Percona TokuMX sharded clusters cannot provide some of the transactional semantics described above without making a big trade-off in performance. However, Percona TokuMX sharded clusters can still provide some guarantees to the application that are stronger than what basic MongoDB provides. In this section, we’ll describe how each of the above concepts works with sharding.

8.4.1. Atomicity in Sharding

In a sharded cluster, Percona TokuMX provides atomicity on a per-shard basis. multi-document writes that target a single shard are done atomically just as in a replica set. This is always the case for unsharded collections.

A batch of inserts to a sharded collection targets a single shard (and is therefore atomic) if all documents in the batch have the same shard key. Updates with {multi: true} and removes with {justOne: false} target a single shard (and are therefore atomic) if the query parameter contains an equality clause on the shard key.

Example: Consider a sharded collection with the shard key {sk: 1}. The following operations always target a single shard:

db.foo.insert([{x: 1, sk: 42},
              {x: 2, sk: 42},
              {x: 3: sk: 42}])
db.foo.update({sk: 42}, {$set: {isAnswer: true}}, {multi: true})
db.foo.remove({sk: 42, x: {$gt: 10}}, false)

By contrast, the following operations do not necessarily target a single shard, and therefore may not be atomic:

db.foo.insert([{x: 1, sk: 42},
              {x: 2, sk: 43},
              {x: 3: sk: 44}])
db.foo.update({sk: {$gte: 43}}, {$set: {isAnswer: false}}, {multi: true})
db.foo.remove({sk: {$lt: 42}, x: 10}, false)

In addition, tag-aware sharding can be used to make more operations atomic. If you assign a chunk range to a tag which only has one shard, then all operations that affect only that range will also be atomic.

Warning

There is an issue in mongos where chunks can span multiple tag ranges. If this happens, it can mean that some documents may not reside on the shard they should according to tag assignments. This could destroy atomicity of operations on the affected tag ranges. To prevent this problem, you should create splits on your tag boundaries.
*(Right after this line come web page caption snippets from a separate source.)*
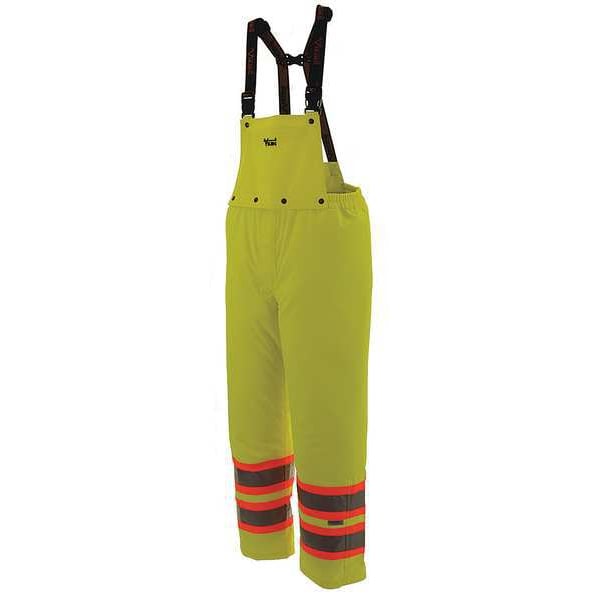 Viking Hi-Visibility Rain Bib Pants, Polyester, 32 1/2 in Inseam, 39 in Waist, 0.80mm Thickness, XL - U6400PG-XL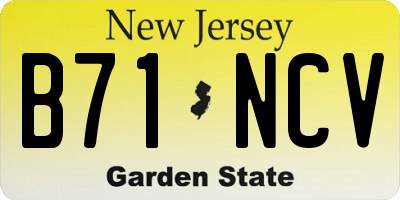 NJ license plate B71NCV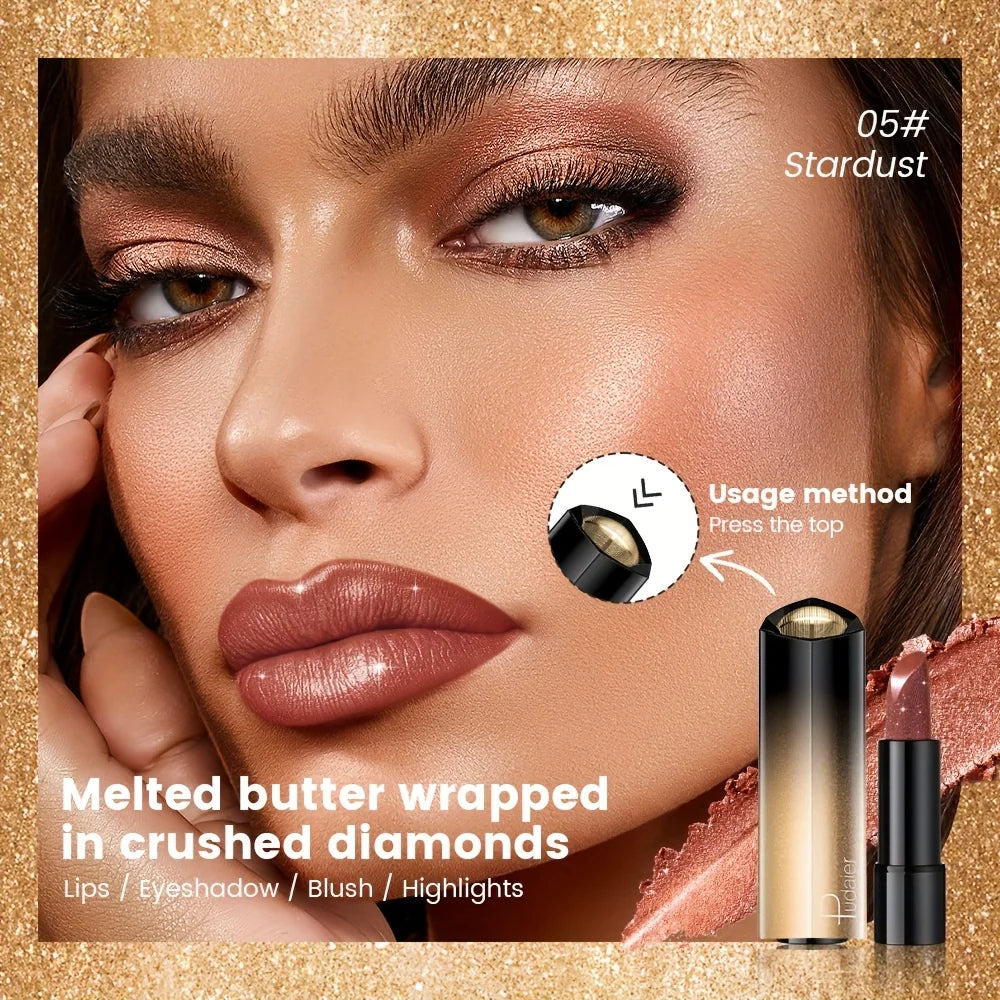 Metallic Shimmer Lipstick | Pearly Glitter High-Pigment Finish Shimmer Lipstick QXL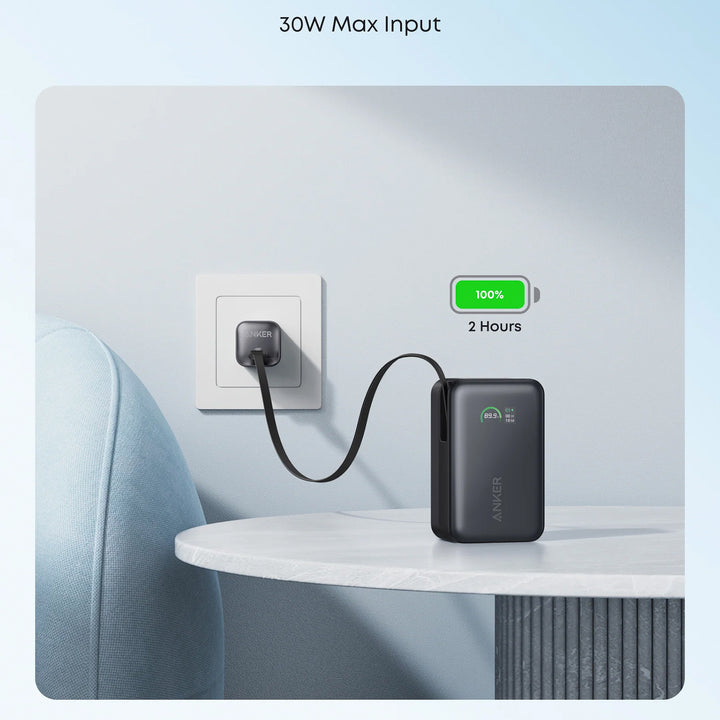 Power Bank Anker Nano 10000 mAh 45W con Cable Retractil Tipo C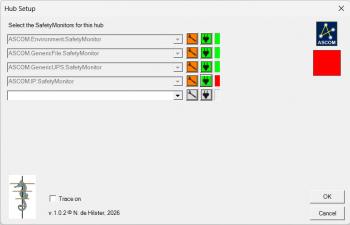 The ASCOM SafetyMonitor Hub SetupDialog.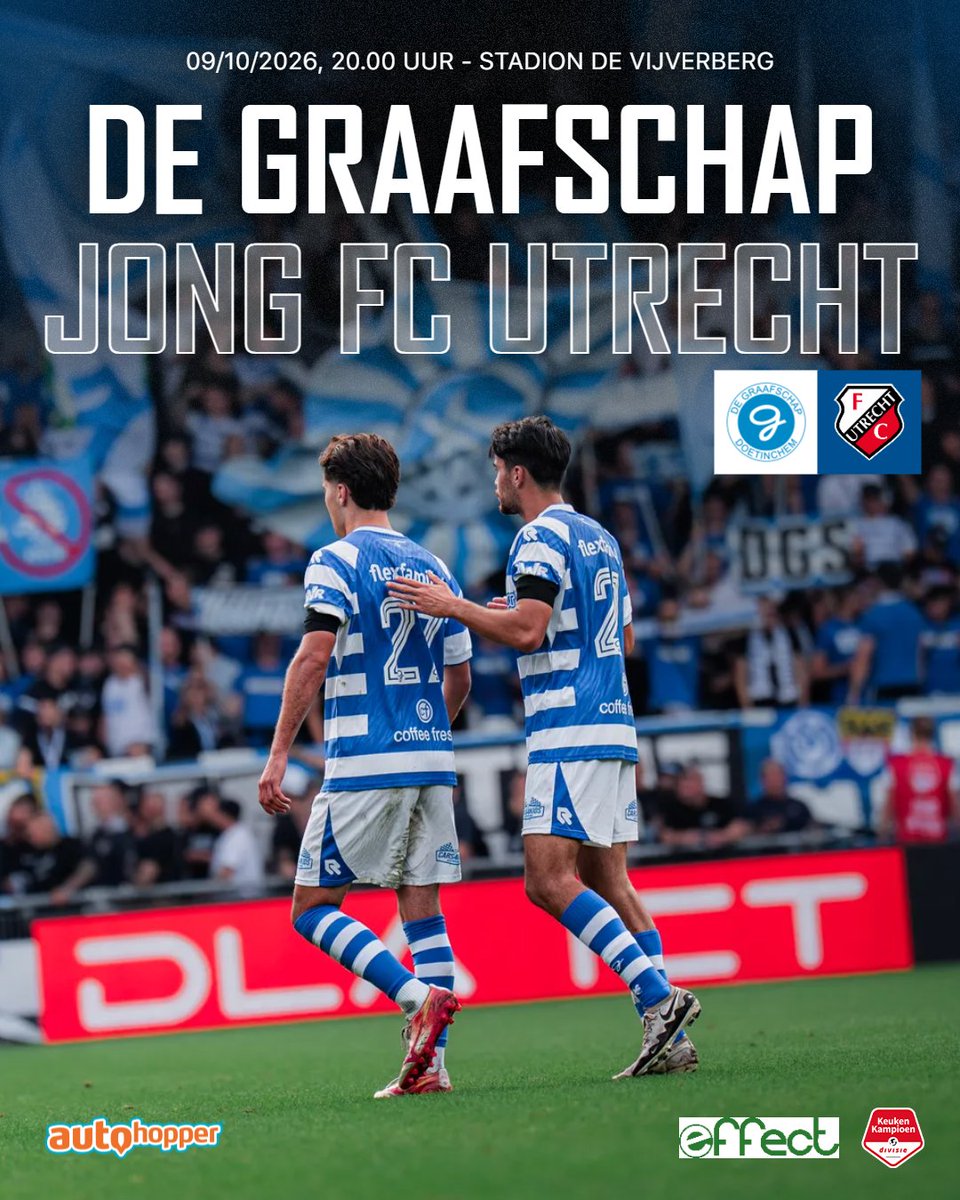 DeGraafschap's tweet photo. MATCHDAY! 💙🤍
Alles geven op De Vijverberg!
⏰20.00 uur
📍Stadion De Vijverberg
⚔️ De Graafschap - Jong FC Utrecht
#SamenDRAN #VeurAltied #AchterhoekseTrots https://t.co/shCVG6cvni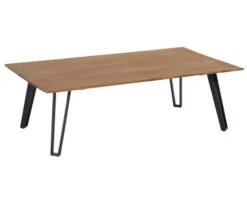 Table Basse En Teck Massif Rectangulaire Pieds Métal 'Moluca'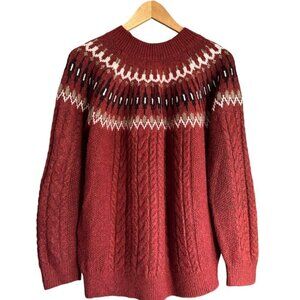 WIND RIVER FairIsle Knit Sweater Orange Rust US L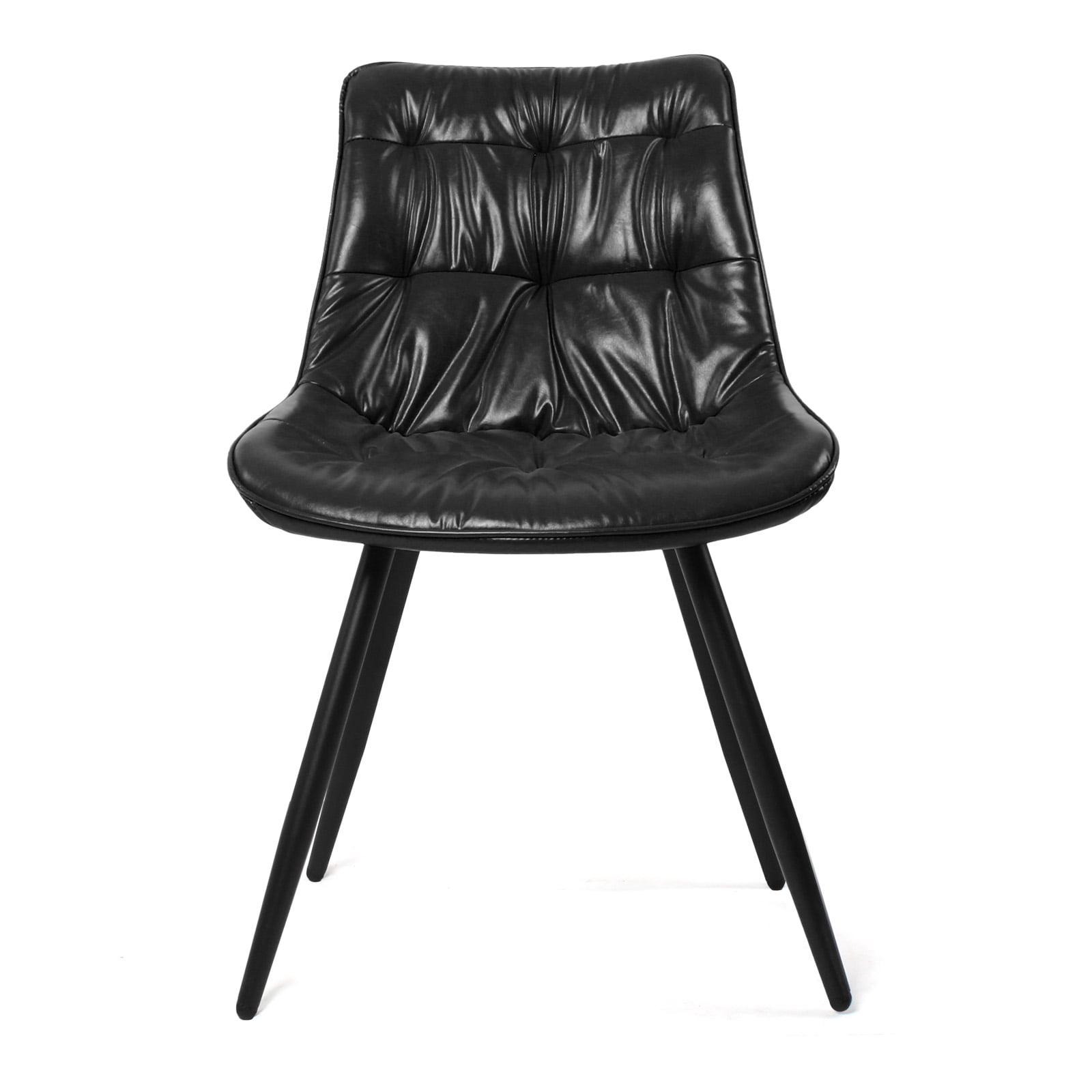 Set of 2 Black Faux Leather Dining Chairs, Ergonomic Backrest with Thick Foam Cushion, Sturdy Metal Legs & FSC Frame, Waterproof Easy-Clean PU Leather, 300 lbs Capacity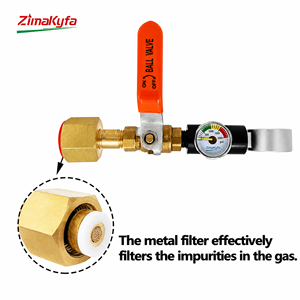 Régulateur de gaz en laiton ZimaKyfa avec robinet à bille et manomètre, filtre métallique pour connexion de bouteille de CO2 - Product Image 1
8.4.2. Query Behavior in Sharding

Like writes, reads in Percona TokuMX sharded clusters have their normal transactional semantics on a single-shard basis. A query that only targets a single shard (see “Query Isolation”) gets the benefit of all of the Snapshot Isolation benefits of a single server or replica set.

Example: Consider a sharded collection with the shard key {sk: 1}. The following operations always target a single shard:

db.foo.find({sk: 42})
db.foo.find({sk: 42, a: {$gt: 100, $lte: 200}})
db.foo.aggregate([{$match: {sk: 42}},
      {$group: {_id: null, count: {$sum: 1}}}])

By contrast, the following operations do not necessarily target a single shard, and therefore may not be totally consistent snapshots:

db.foo.find({sk: {$gt: 42}})
db.foo.find({a: {$gt: 100, $lte: 200}})
db.foo.aggregate([{$match: {"author.last": "Leiserson"}},
      {$group: {_id: null, count: {$sum: 1}}}])

Queries that span multiple shards use one MVCC snapshot on each shard, but in the presence of writes that span multiple shards, the reads and writes may be done in an order that is not linearizable.

Note

If all writes in your application happen to target a single shard, then queries that span multiple shards can exhibit some linearizability. Multiple such queries may not linearize in a coherent way, but each query individually, taken along with the universe of writes done to the cluster, will be linearizable, though this property is of limited value and is hard to reason about.